PROBLEM TO WORK ON:
Please output exactly the lines below, starting at the line that has "BusinessFives's tweet photo." and ending at the line that has "#Leeds #biz5s https://t.co/OFPrAndivK", both included; leave out all pictures and include nothing else.

SOURCE DATA:
------------------------------------------------------------

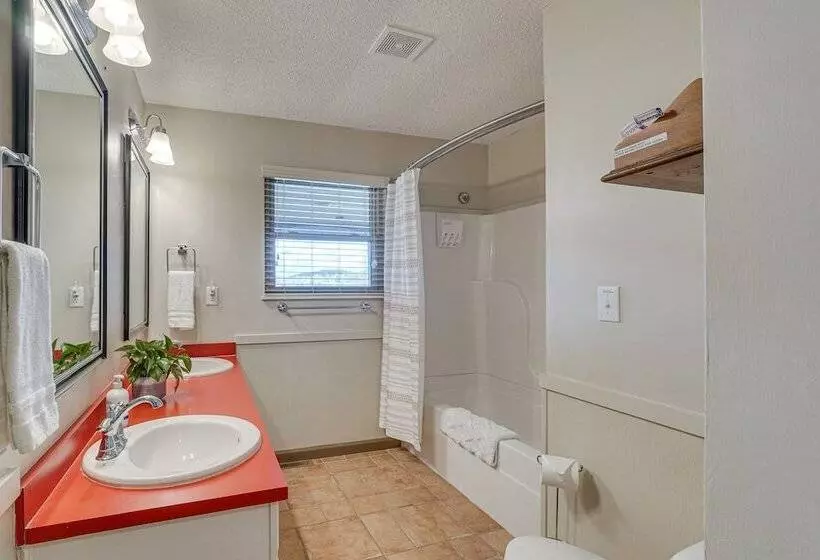 Decatur Oasis   Private Pool, Hot Tub & Deck!
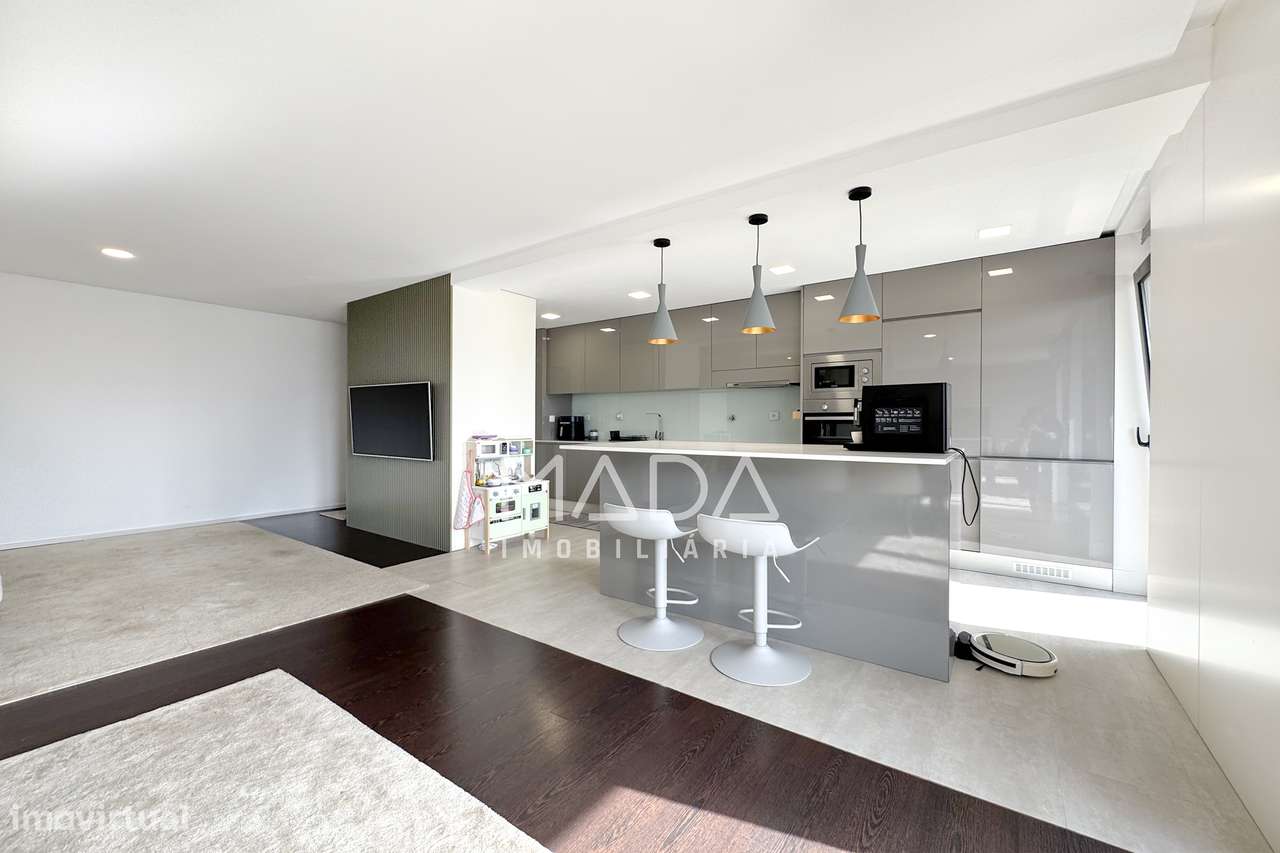 Apart. de luxo T3 (último piso) c/vistas p/Castelo de Guimarães-6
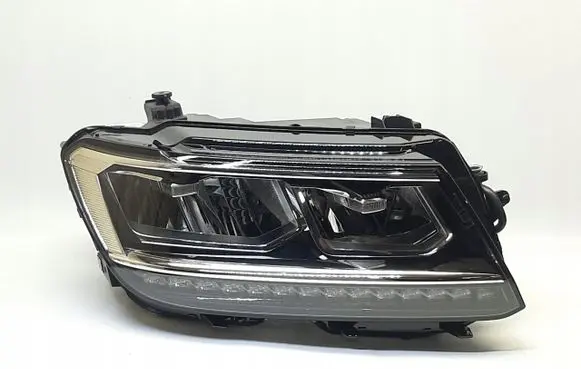 Volkswagen Tiguan Headlight/headlamp 5NB941036B
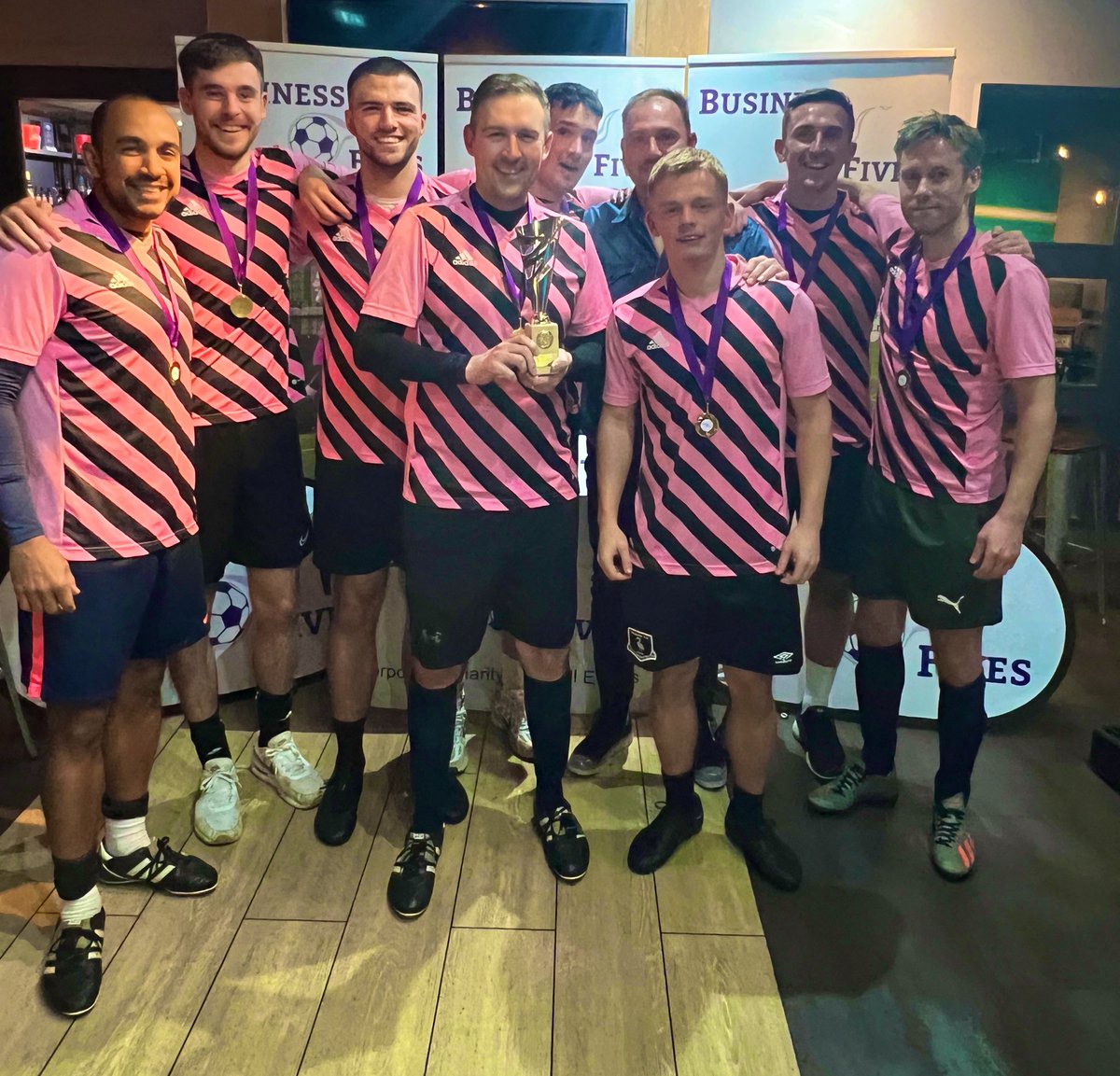 BusinessFives's tweet photo. A massive congratulations to our Champions League Winners @GIGRetail. They earn a further £350 to their chosen charity @ZarachLeeds and a spot at our National Finals in April👏🏻 ⚽️ 

#Leeds #biz5s https://t.co/OFPrAndivK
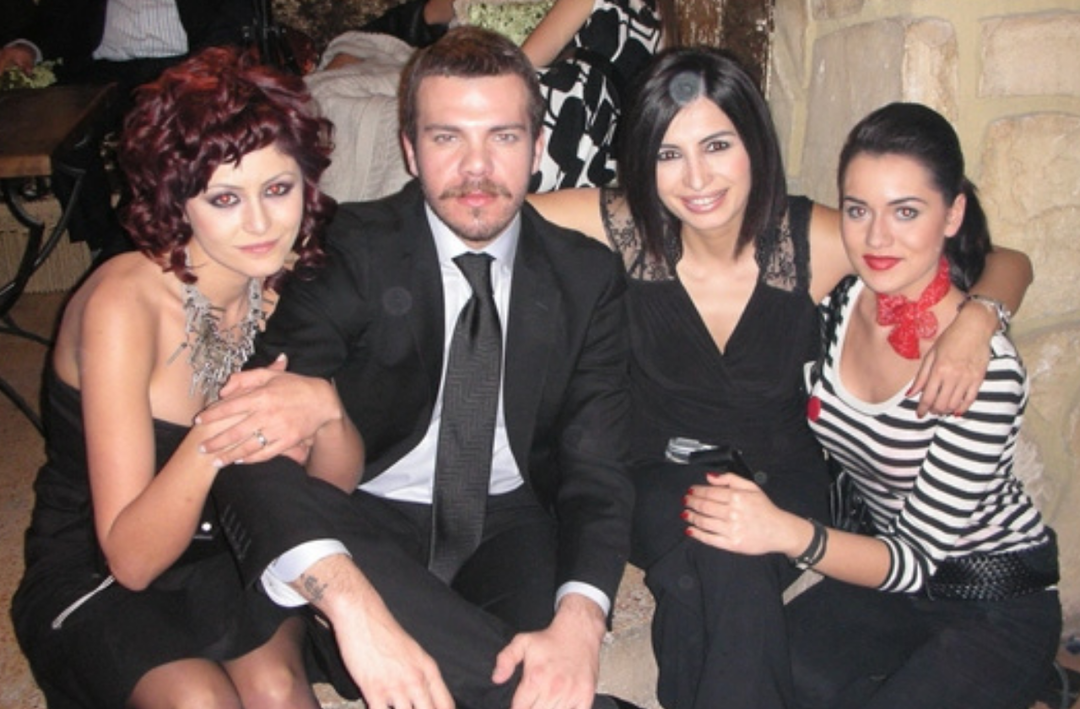 Yaprak D&ouml;k&uuml;m&uuml;'yle ilgili şaşırtan ger&ccedil;ek! Dayak sahnesinde o oyuncuyu ger&ccedil;ekten d&ouml;vm&uuml;ş!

------------------------------------------------------------

RESPONSE AREA:
 BusinessFives's tweet photo. A massive congratulations to our Champions League Winners @GIGRetail. They earn a further £350 to their chosen charity @ZarachLeeds and a spot at our National Finals in April👏🏻 ⚽️ 

#Leeds #biz5s https://t.co/OFPrAndivK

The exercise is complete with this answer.